IN the old days, before CDs (which were the things before mp3 players), people used to release records.

Then they were played on the radio and, if people liked them, they could go to places called shops where they could buy these records. If enough folk bought them, they entered the charts, which were a list of the records selling the most copies. That usually meant that they got played on the radio more, which often meant that more people bought the record and it went "up the charts".

I mention this for the benefit of those under 40, who quite naturally assume that a song enters the charts at its highest point, then drops like a stone, since that has been the pattern for some years now. There are lots of reasons for this, such as the fact that songs are played on the radio months before they're released, and that no-one bothers to buy them anyway, which is why high street music shops are in receivership.

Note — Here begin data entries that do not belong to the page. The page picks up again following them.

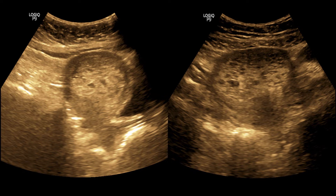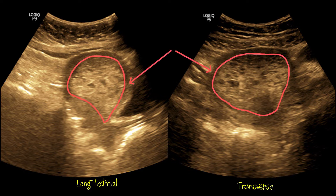This is the picture of the uterus in longitudinal and transverse sections. The urinary bladder is partially filled, as the patient was sent from the emergency department for a rapid opinion. This central heterogeneously echogenic area is the molar tissue.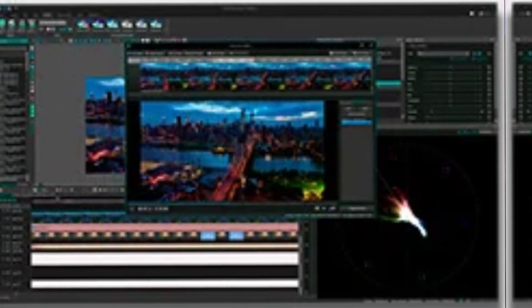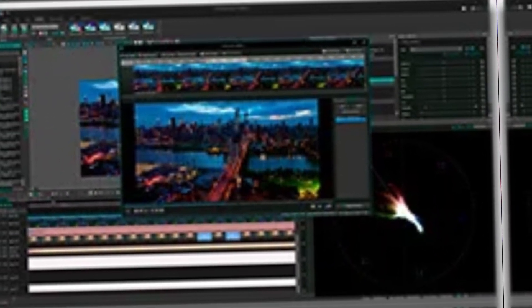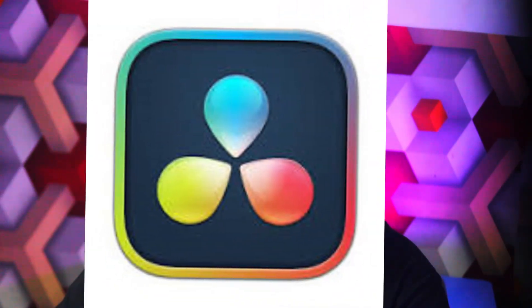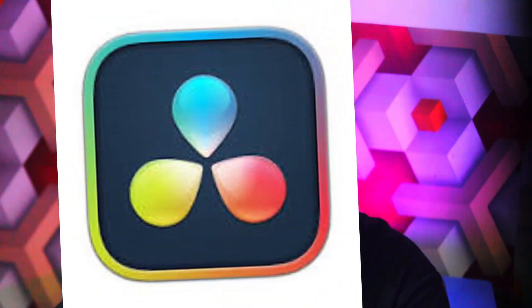VSDC also provides advanced features like color correction, audio editing, and video stabilization, making it a versatile option for creating polished videos. The software's customizable interface allows users to arrange tools and panels according to their preferences, enhancing the editing experience.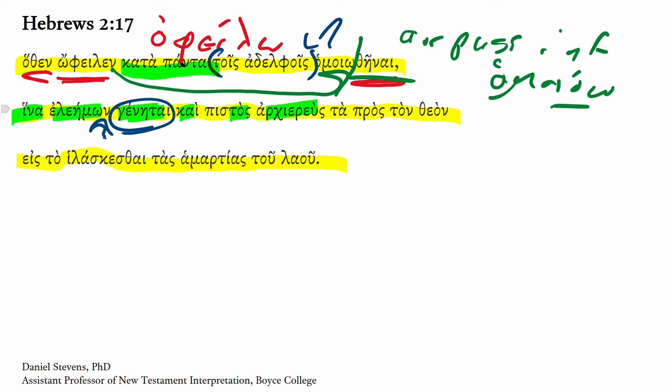So a merciful and faithful high priest, ta pros ton theon. Here the prepositional phrase pros ton theon, towards God, near God, is made concrete with this ta - the things towards God, the things related to God.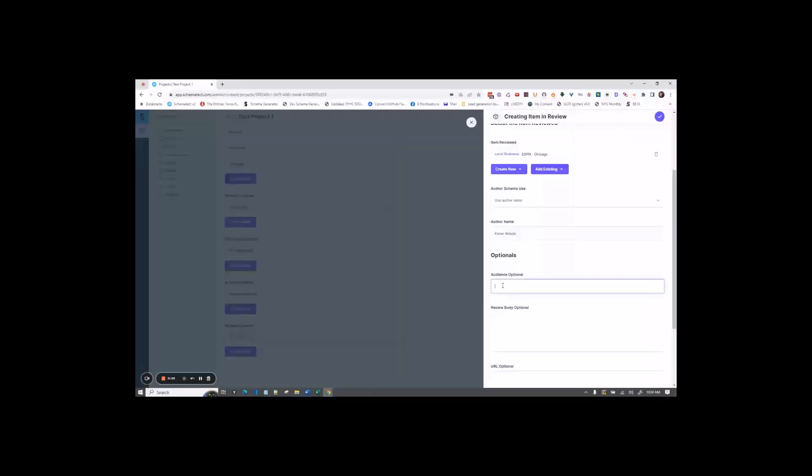For audience, this would be the audience that the review may be helpful to. So for this example, let's say the audience would be basketball fans.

Anyway, the point is that coming straight in at Number One used to be very unusual (The Jam were almost unique in doing so regularly), but now it's rarer to reach the top slot if you don't manage it in the first week. Somehow I doubt that it will be much consolation to George Osborne. Of course he will be obliged to spout some old drivel (something he has had a good deal of practice at) about it not mattering that the credit agency Moody's has downgraded the UK's credit rating. But since he's spent the past three years telling us how vital it is that we retain AAA status, it won't sound awfully convincing.

So, whatever he says now, until last week the Chancellor thought that it mattered quite a lot. But does it? As with so much from Mr Osborne, that depends on whether you believe what he says, or what he actually does, there being a marked gap between the two positions.

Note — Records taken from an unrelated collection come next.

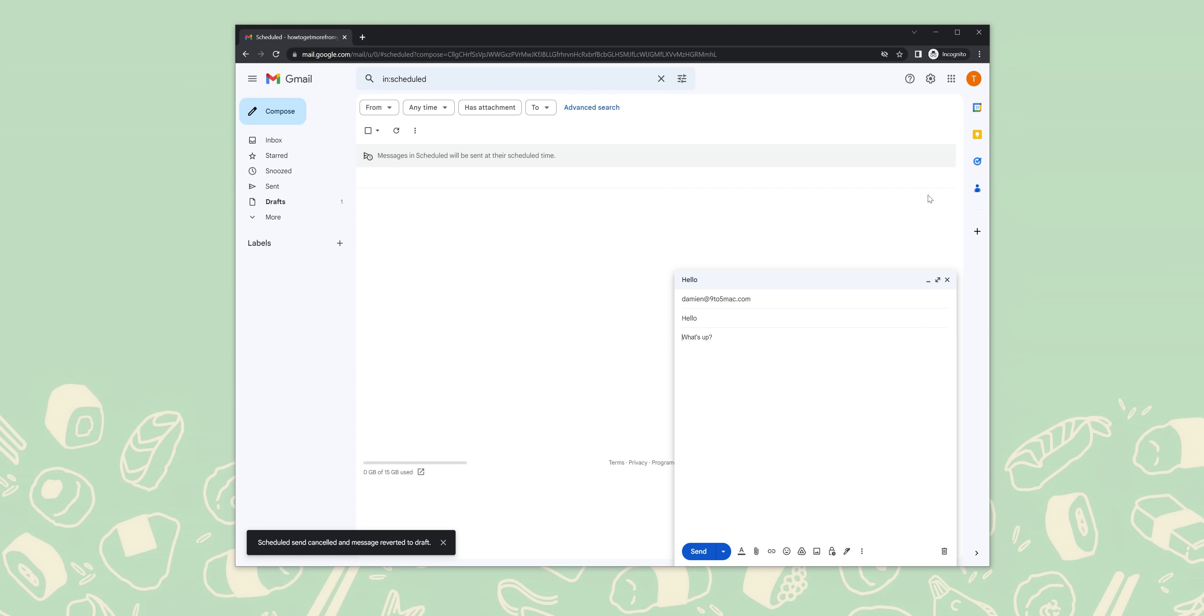Write out your email like normal, as you would on your Android phone. When you're finished, click the drop-down arrow next to the send button within Gmail. Now click schedule send. Just like on mobile, you can choose from Google's preset times or pick your own time and date.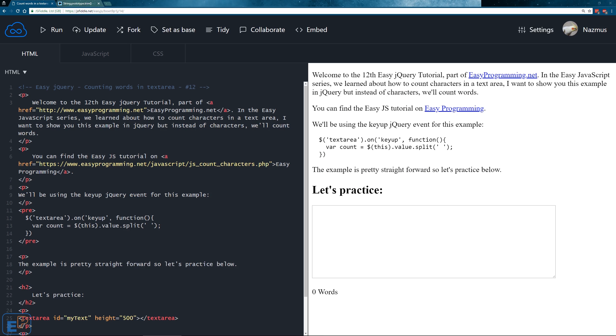Hey there, welcome to the 12th daily jQuery tutorial part of vzprogramming.net. In the easy JavaScript series we learned how to count characters in a text area, and in this tutorial I want to show you how to do the exact same example in jQuery, and instead of counting characters, we'll be counting words.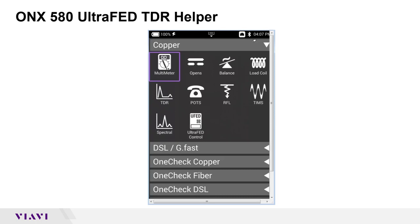Today this is going to be a short video with basic instruction on what we call the TDR helper. That's nothing more than placing the UltraFed on the far end of your loop, going back to your point of access with your ONX, and using it to identify that you really do have that fault bracketed. When enabled, it puts a short and then an open back and forth on your pair — just like having a buddy out there, or someone in the central office shorting the lugs — so you can identify that your fault is bracketed and you can actually see the open and the short as they happen.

The point can be made that the judgment of the credit agencies is just that – a judgment which reflects the market view, but also influences it. In that sense, the relationship is a bit like airplay and chart position. It's hard to say which drives the other.

After all, the credit agencies have been wrong before (as Ed Balls correctly pointed out, these were the geniuses who rated the sub-prime mortgages as excellent). And another agency – S&P – downgraded America's status two years ago, without the sky having fallen in, yet. Though the fact that every man, woman and child in the USA is now in debt to the tune of $53,000 isn't what you'd call marvellous news.

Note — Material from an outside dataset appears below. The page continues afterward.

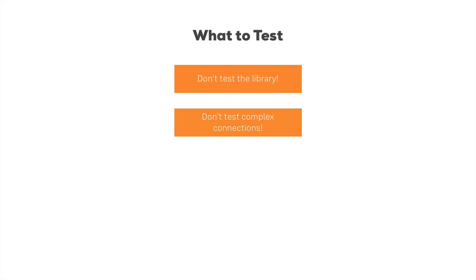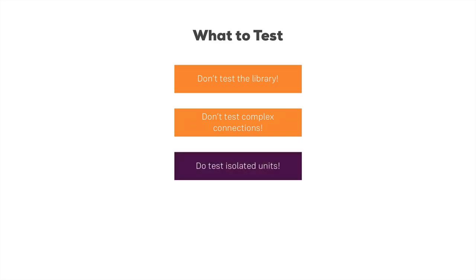So these are the things you don't want to test. What are you going to test then? Typical examples are isolated units. You want to test that reducer function you created. You want to test that component function you created.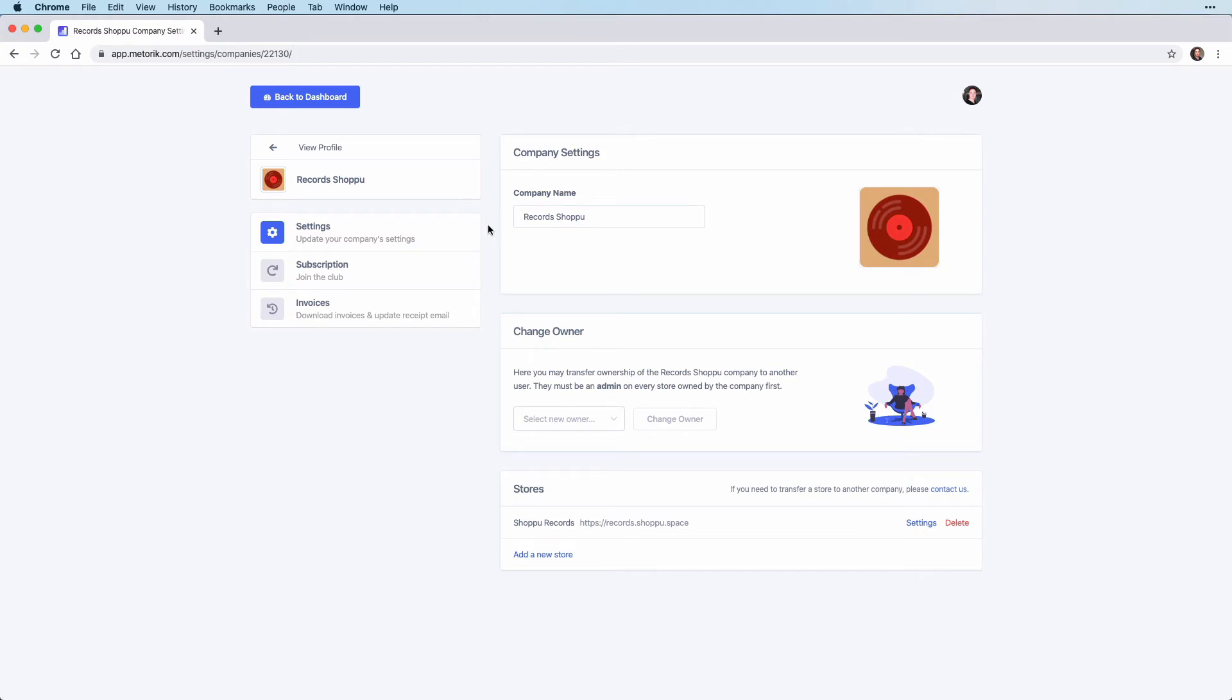Now we are on the company settings page and there is a section here for change owner.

But the fact that sterling was falling and bond yields rising can be seen as an indication that, before Moody's acted, the market had already come to the view that Mr Osborne's programme wasn't working. It doesn't matter how much you talk about austerity and hard decisions if people whose living depends on analysing what's being done can see that public spending and debt are actually going up.

But that's the bad news for Mr Osborne's political opponents. Because the one thing that is not being promoted to repair the UK's credibility is the sort of additional spending which Mr Balls has been arguing for.

There are three simple reasons given for the downgrading by Moody's own report. The first is the slowness of growth. This is certainly a problem, but it is one which is in large measure outwith government control – growth mostly springs from the private sector, and Britain's problem is that our productivity and output are too low, and that we don't, on the whole, make anything anyone else wants to buy. That's one reason why even though quite a lot of jobs are being created, there has been so little growth. The report, far from being a case for stimulus spending, is a judgment that such spending has already failed. In other words, we might as well have burnt the money we spent on Quantitative Easing.

The other two points are even more opposed to Mr Balls's proposed solution. They are, in fact, ringing endorsements of Mr Osborne's original proposed solution. And thus an indictment of Mr Osborne's actual methods. Moody's second point is that the Government's fiscal consolidation programme is moving too slowly and its third is that the debt burden is rising. In other words, it chose to downgrade the UK's credit rating because the Chancellor has failed to do what he said he was going to do, which was to make cuts and stop borrowing money like there was no tomorrow.

And not just that. The report actually specifically threatens to downgrade the UK yet further if there is any sign of "reduced political commitment to fiscal consolidation". So the course of action being suggested by Labour and the ranks of Keynesian economists – lots more public spending on big capital projects funded (because how else could they be funded?) by borrowing or printing money – is the one absolutely guaranteed way to ensure that our financial standing is downgraded even more.

I've never been able the fathom the faith of the Prime Minister in Mr Osborne's supposed strategic skills. And since, under his strategic masterplan, the Tories failed to gain a majority against the most unpopular government in living memory, apparently the electorate shared that view.

My opinion is that there's not much point in incurring the opprobrium which goes with "vicious" cuts (and even those, incidentally, were only going to take us back to the spending levels of a few years ago) if you don't make the cuts. Nor does it seem to be very wise to talk constantly about living within your means, and then borrow more than the last Government.

The Chancellor's judgment was that the public's perception of his policies was less important than the markets' opinion. The difficulty with this notion, as he has now found out, is that voters often believe something (in this case, cuts in public spending) is happening when it isn't. They can hardly be blamed for that, since it's politicians who keep telling them that things which aren't happening are, and vice versa. But people who make their living, and bet their money, on what is actually being done, tend not to make that mistake. They don't care about hearing a pretty tune if nobody buys the record.